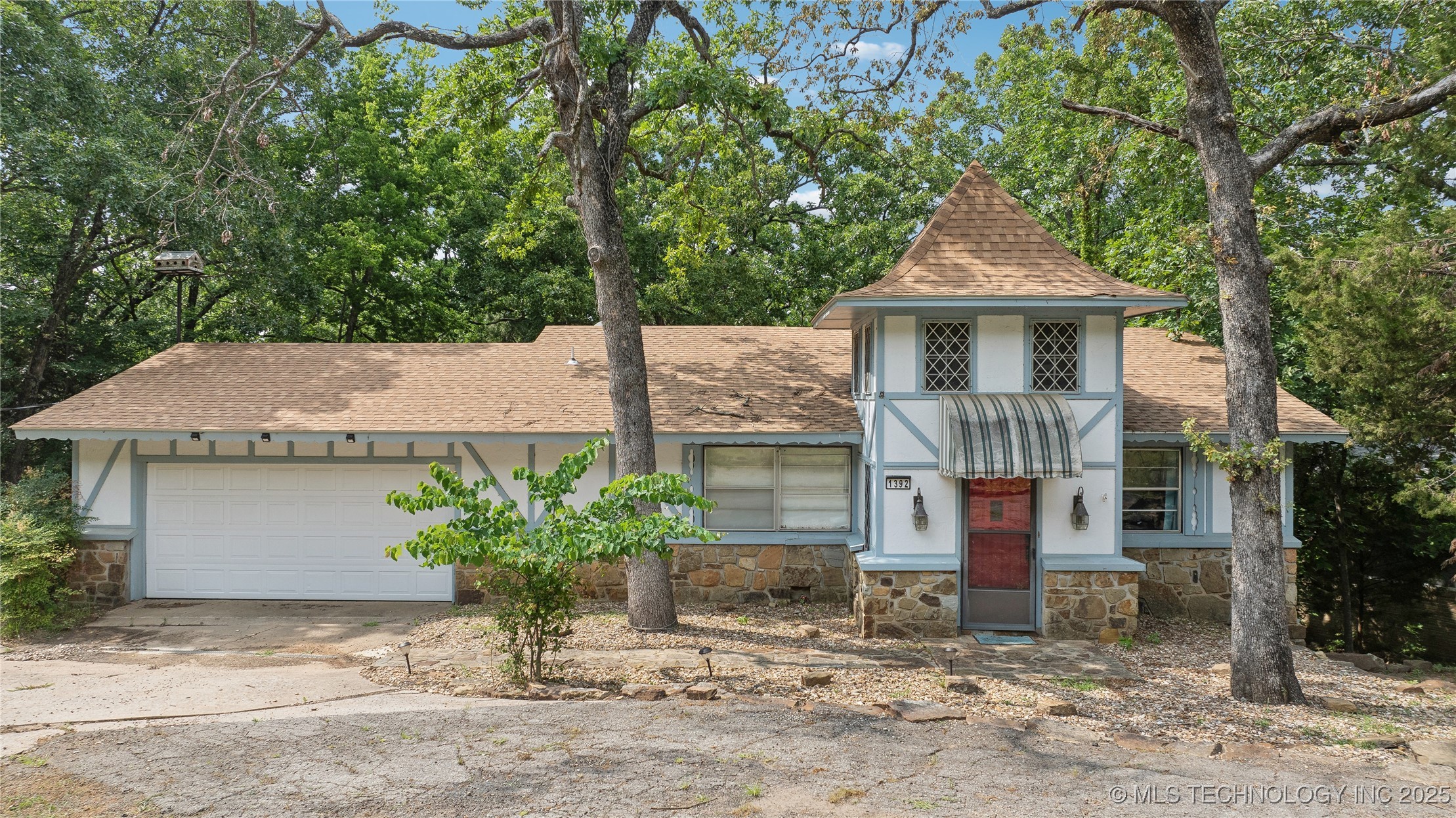 1392 Robin Hood Road Property Photo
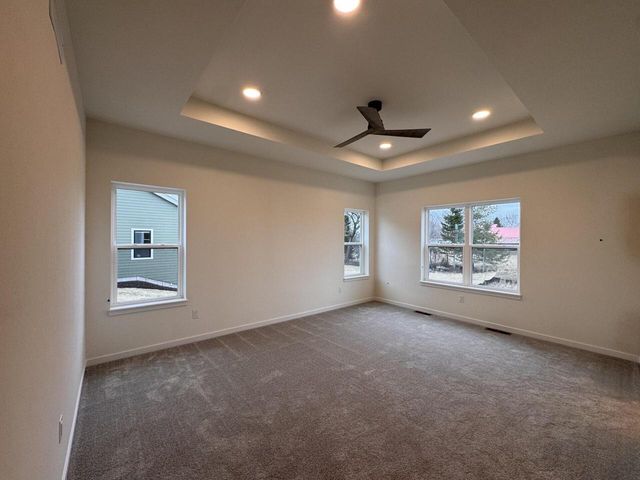 W149N11976 Red Holly DRIVE, Germantown, WI 53022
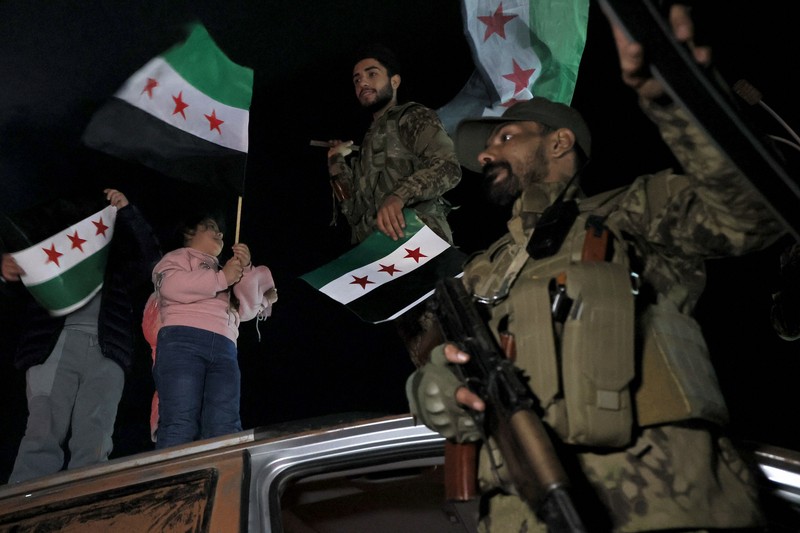 イスラム法の支配を望む？」 アサド政権を打倒した戦闘員の答えは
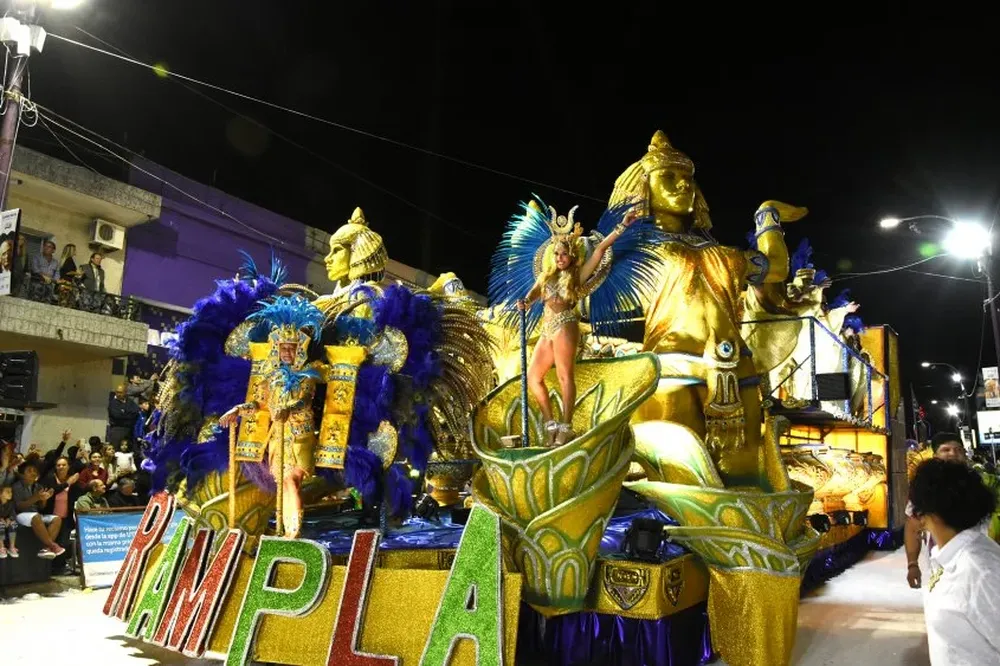 Barrio Rampla, la campeona en 2018 del Carnaval de Artigas.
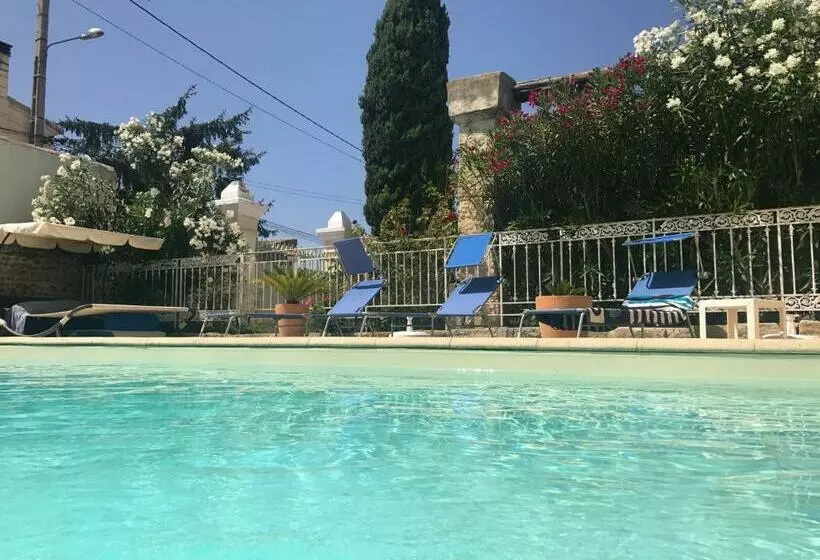 ベッドアンドブレックファースト Lacanepière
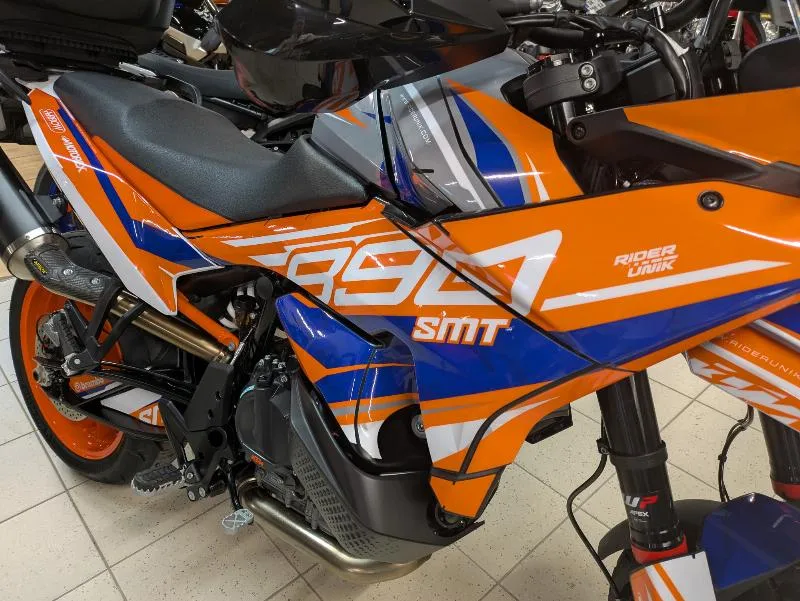 890 SMT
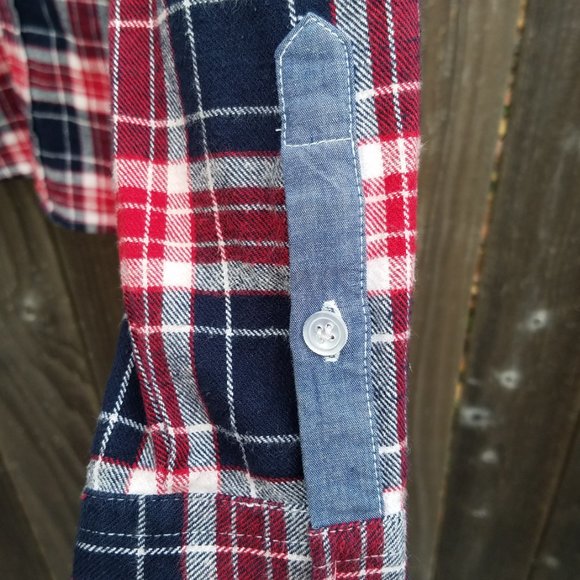 Amongst Friends NYC Plaid Button Down - Picture 4 of 5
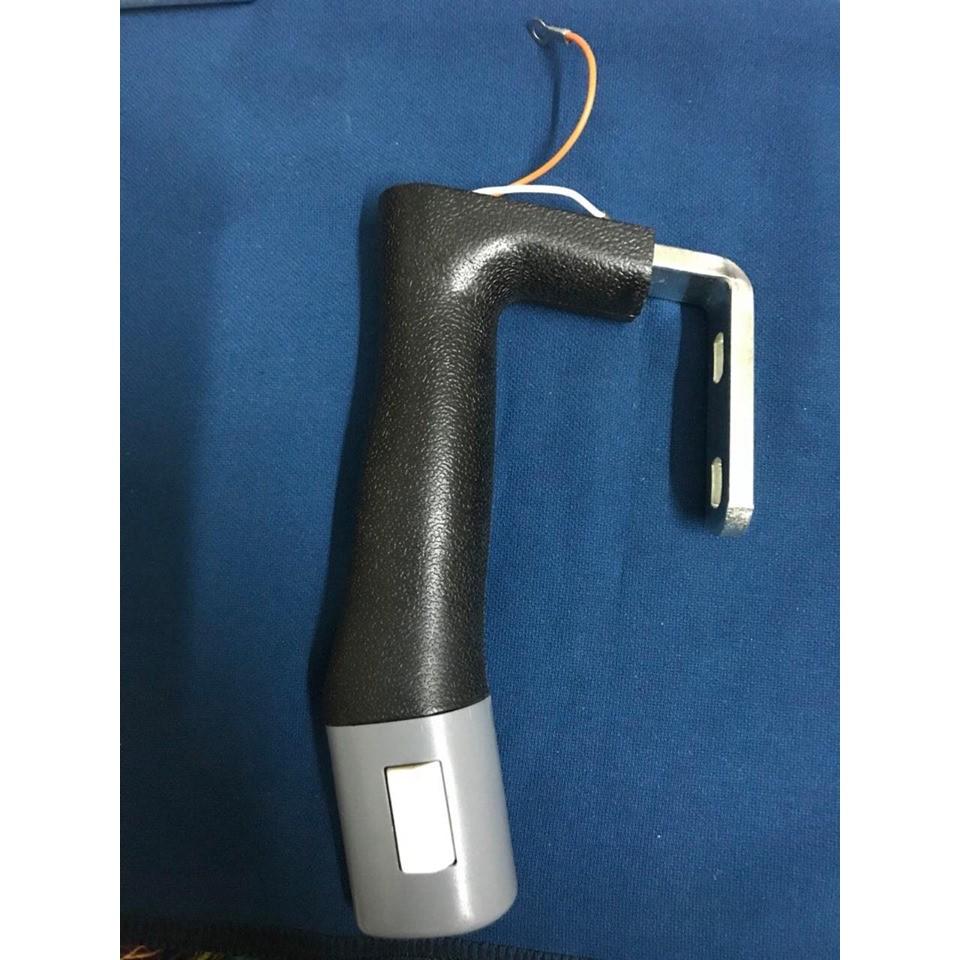 Tây cầm bàn ủi công nghiệp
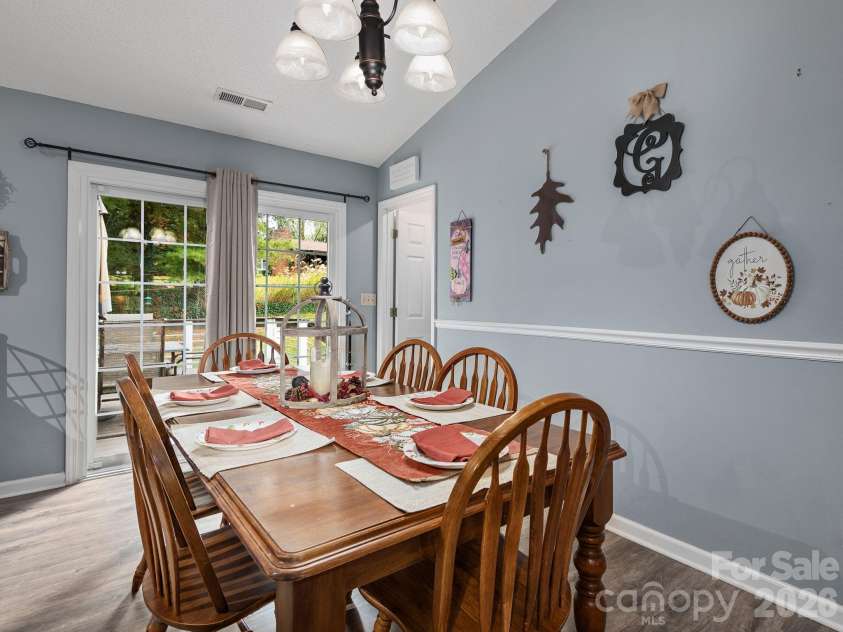 61 Blue Ridge Acres Road, Asheville, NC 28806.  MLS# CAR4306669, YatesRealty ID 6603. 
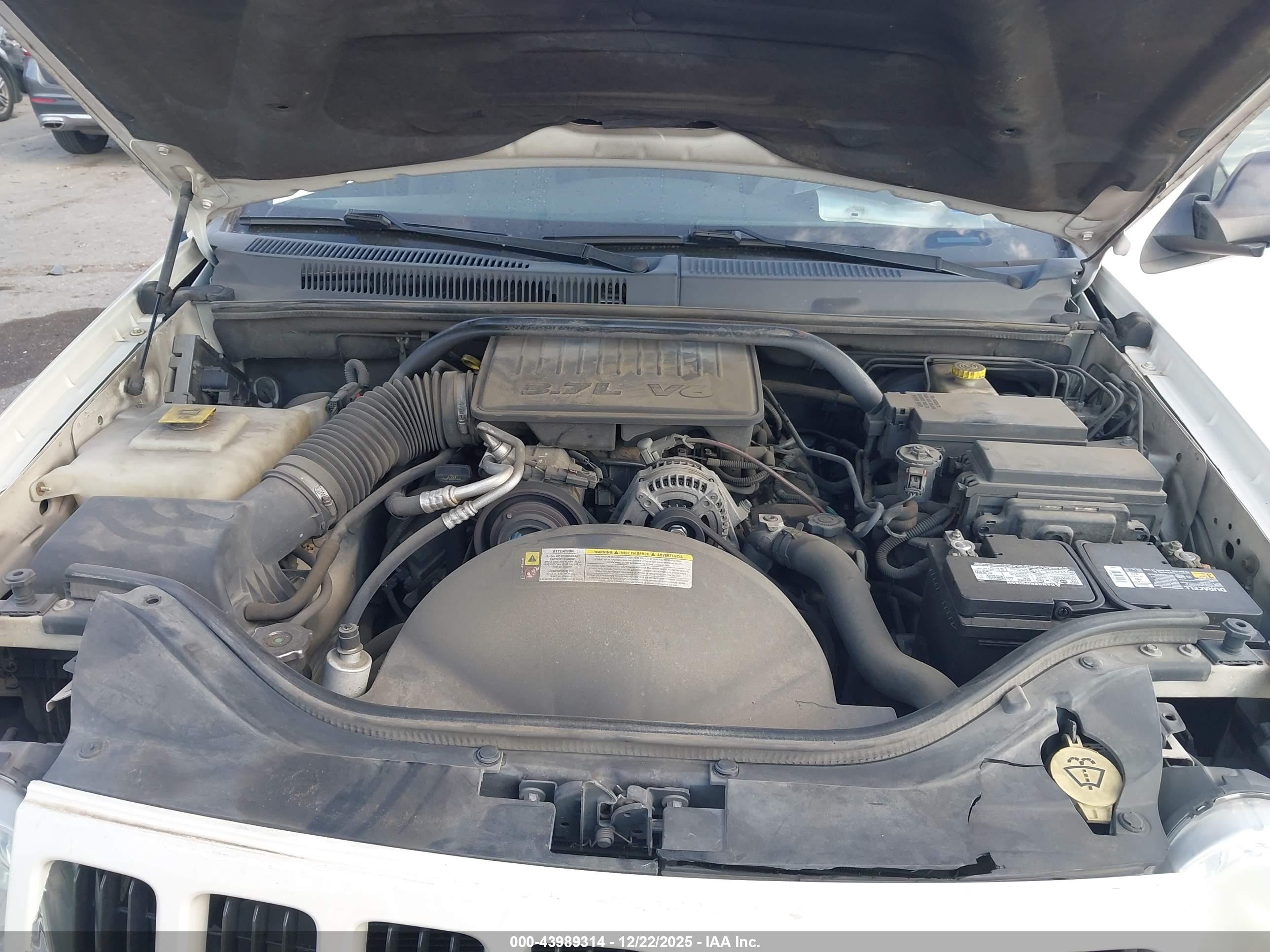JEEP GRAND image 10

----------

When you print the records above, keep them exact and leave out the pictures.

- [Problem solution]:
 1392 Robin Hood Road Property Photo
 W149N11976 Red Holly DRIVE, Germantown, WI 53022
 イスラム法の支配を望む？」 アサド政権を打倒した戦闘員の答えは
 Barrio Rampla, la campeona en 2018 del Carnaval de Artigas.
 ベッドアンドブレックファースト Lacanepière
 890 SMT
 Amongst Friends NYC Plaid Button Down - Picture 4 of 5
 Tây cầm bàn ủi công nghiệp
 61 Blue Ridge Acres Road, Asheville, NC 28806.  MLS# CAR4306669, YatesRealty ID 6603. 
JEEP GRAND image 10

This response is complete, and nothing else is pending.